"The glacier knocks in the cupboard, The desert sighs in the bed, And the crack in the teacup opens A lane to the land of the dead."

-W.H. Auden

Wednesday, March 7, 2012

Enchanted Glass


While this isn't a proper book review, I just wanted to mention how much I loved this charming story, and why.

Diana Wynne-Jones had long been one of my favorite authors, ever since I read Fire and Hemlock as a teen. There was always something special about her books that drew me in completely. Despite the fantastical nature of the stories, they seem somehow concrete and believable, as if they could have been happening on the next street. I think this is because at the heart of the stories are characters who are so vital and real, even the strangest happening seems believable as well.

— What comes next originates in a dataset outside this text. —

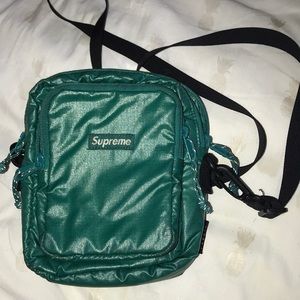Supreme Fanny Pack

Enchanted Glass is another example of this. From the start we're presented with a world where magic is real. For those in the know, it's a natural part of daily life. Daily life on the other hand, is very ordinary. There are tyrannical housekeepers, endless garden vegetables, lawn mower repairs, social workers and the like. The characters seem like utterly ordinary people too, the sort that you'd find in any small village, except so many of them seem to have an innate gift for magic. While this isn't unremarkable to the characters, it's generally accepted.

The magic too, manifests itself in practical uses. Growing perfect roses and using racing results in the daily paper as an oracle are expressions of the homey, comfortable nature of it. That's unless things go awry, which of course they do. Even then, the magic is a pure and natural thing of nature itself, channeled with the warmth of real humanity. I think it says a lot that the enchanted glass of the title - an old and ineffably powerful thing - is inset into a humble kitchen door.

This book had hints of so many others that I had loved in the past. There were elements of stories like Dogsbody and Fire and Hemlock, maybe even the slightest touch of Howl's Moving Castle, but I was reminded most strongly of a combination A Sudden Wild Magic and Archer's Goon. With the way so many strange and unlikely characters arrive with believable ordinariness, it felt pleasantly familiar, but still without knowing what to expect.

This was one of those books that as soon as I finished the last sentence, I missed the coziness of it and turned back to start it over again. The only complaint I have is that it's short, so some of it seems rushed through. It would have been marvelous to see it more fleshed out in places. Even so, there was enough space in what's left unsaid to use one's imagination.

I'm so sorry that there will be no more books from this wonderful author. As I read through the few last books she wrote, it's bittersweet that she stayed at the top of her game and could write with such charm even late in the day.